__DATA EXCERPTS__:
---
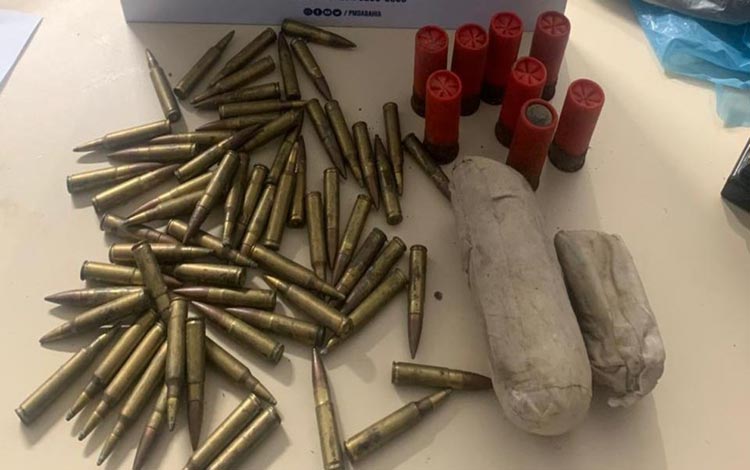 Polícia apreende explosivo e munição para fuzil em área de mata de Simões Filho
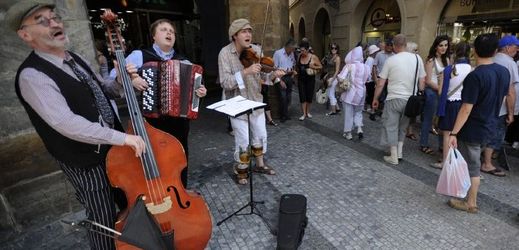 Hudebníci v Melantrichově ulici v centru Prahy.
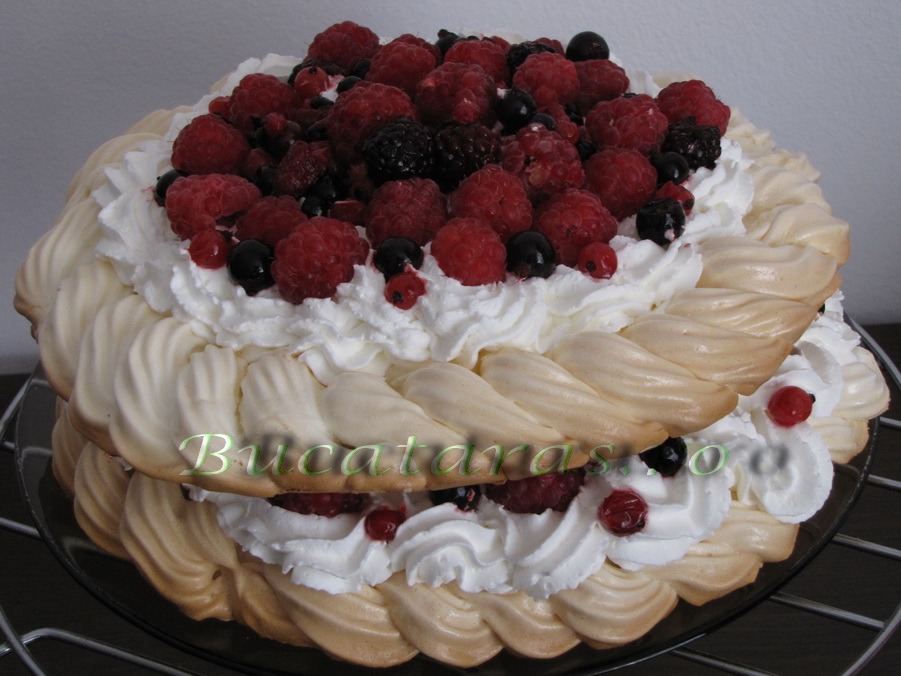 Pavlova cu fructe de padure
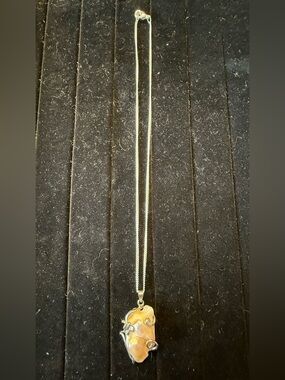 Vintage Natural Mother of Pearl pendant with 18k Gold frame & elegant necklace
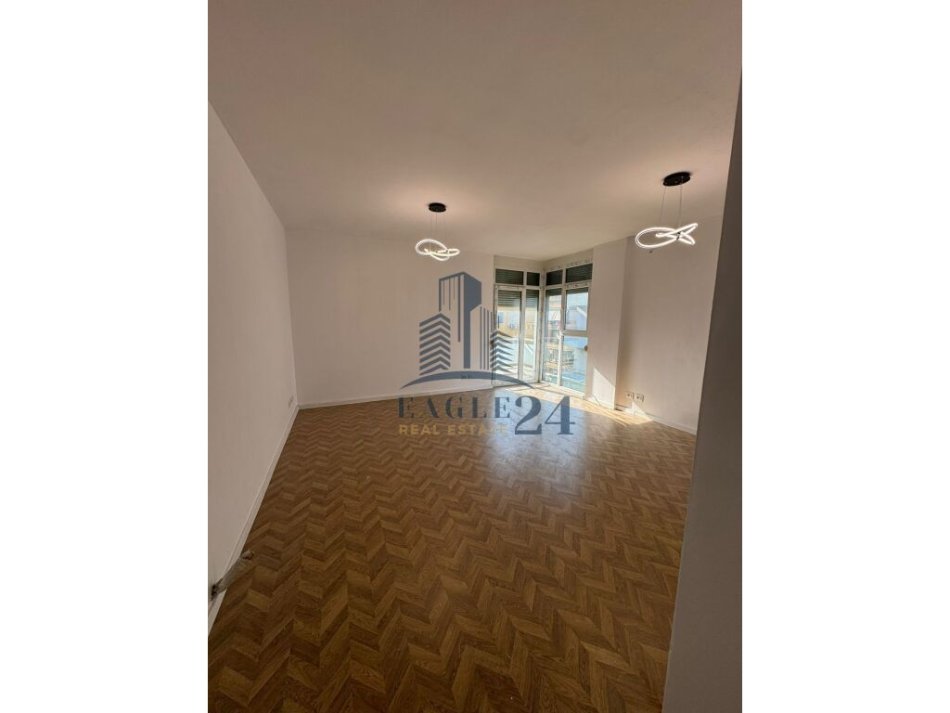 Tirane, shes apartament 2+1+Ballkon Kati 4, 99 m² 180.000 € (kopshti botanik, kodra e diellit)
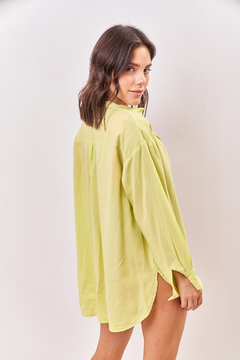 Camisa oversize, de fibrana. - comprar online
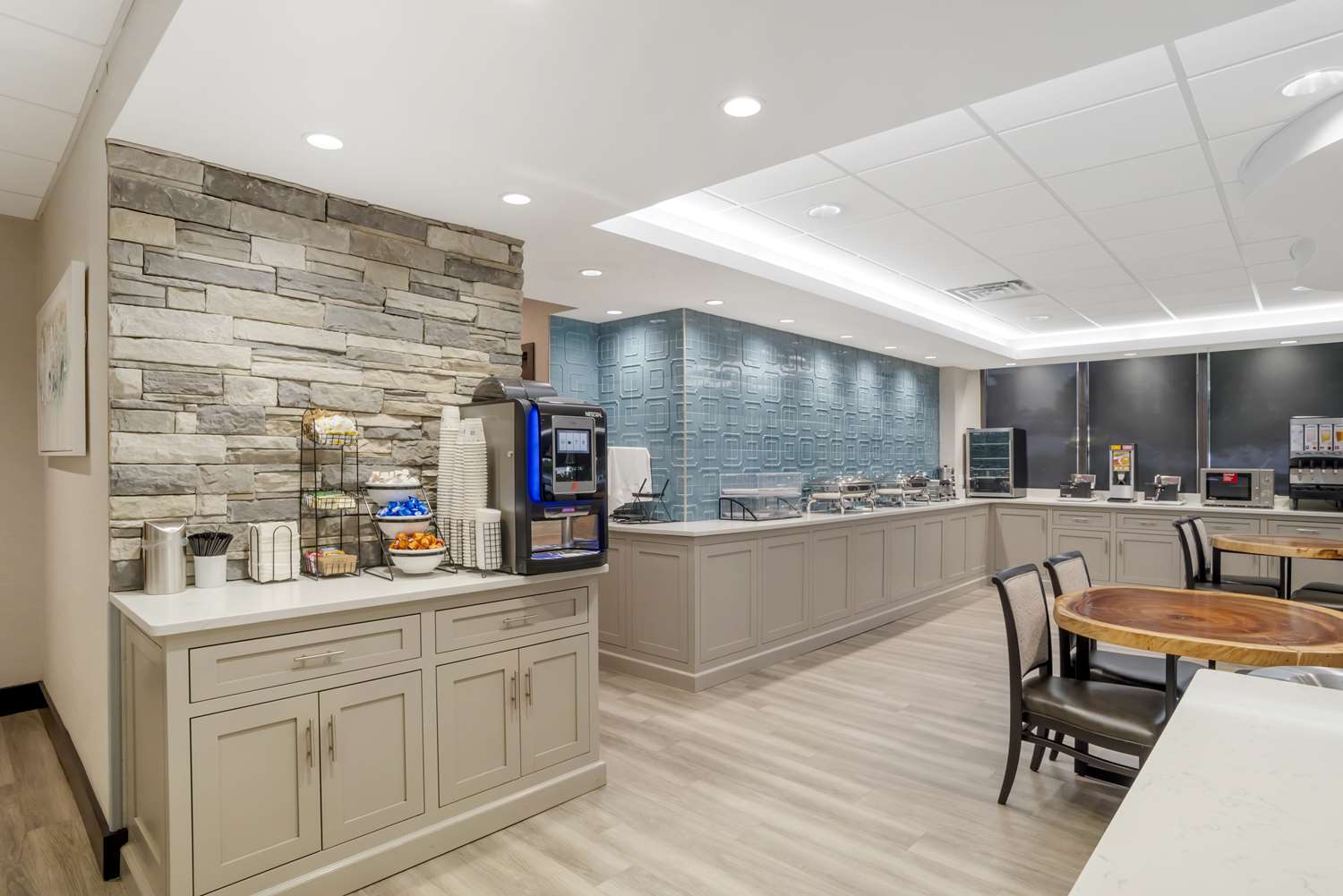Best Western Plus Greenville I-385 Inn & Suites 10/53
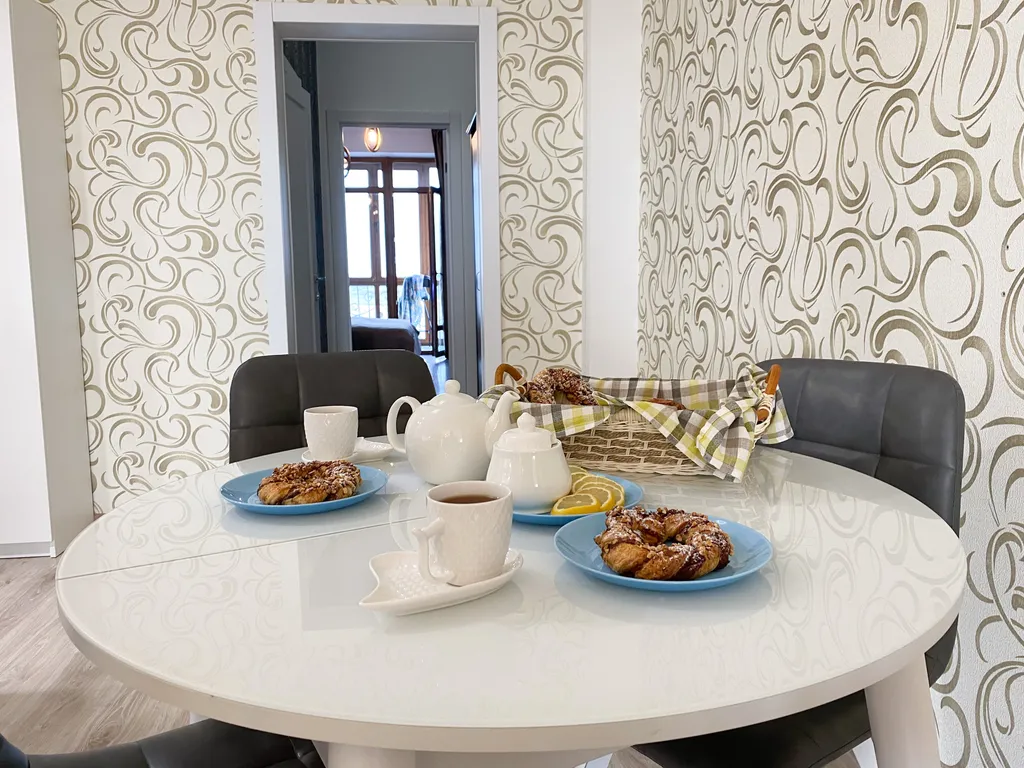 2-комнатные видовые апартаменты с бассейном у моря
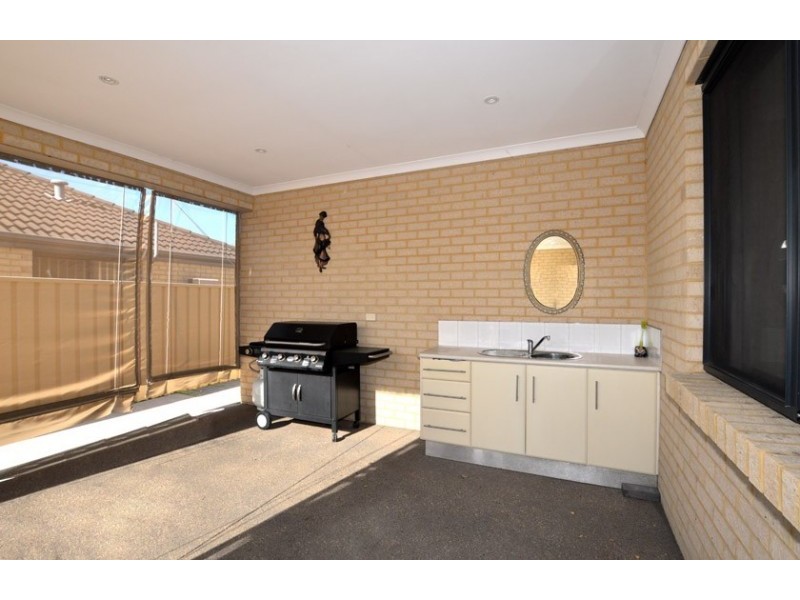 284 Fraser Road North, Canning Vale WA 6155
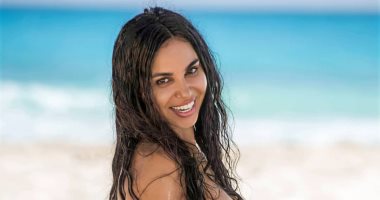 للمرة الثانية × 10 أيام.. نسرين أمين بمايوه جديد وإطلالة جريئة على البحر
---
__ASSIGNED TASK__: Repeat the records above exactly. No pictures go into the repeat.

__FINISHED TASK__:
 Polícia apreende explosivo e munição para fuzil em área de mata de Simões Filho
 Hudebníci v Melantrichově ulici v centru Prahy.
 Pavlova cu fructe de padure
 Vintage Natural Mother of Pearl pendant with 18k Gold frame & elegant necklace
 Tirane, shes apartament 2+1+Ballkon Kati 4, 99 m² 180.000 € (kopshti botanik, kodra e diellit)
 Camisa oversize, de fibrana. - comprar online
Best Western Plus Greenville I-385 Inn & Suites 10/53
 2-комнатные видовые апартаменты с бассейном у моря
 284 Fraser Road North, Canning Vale WA 6155
 للمرة الثانية × 10 أيام.. نسرين أمين بمايوه جديد وإطلالة جريئة على البحر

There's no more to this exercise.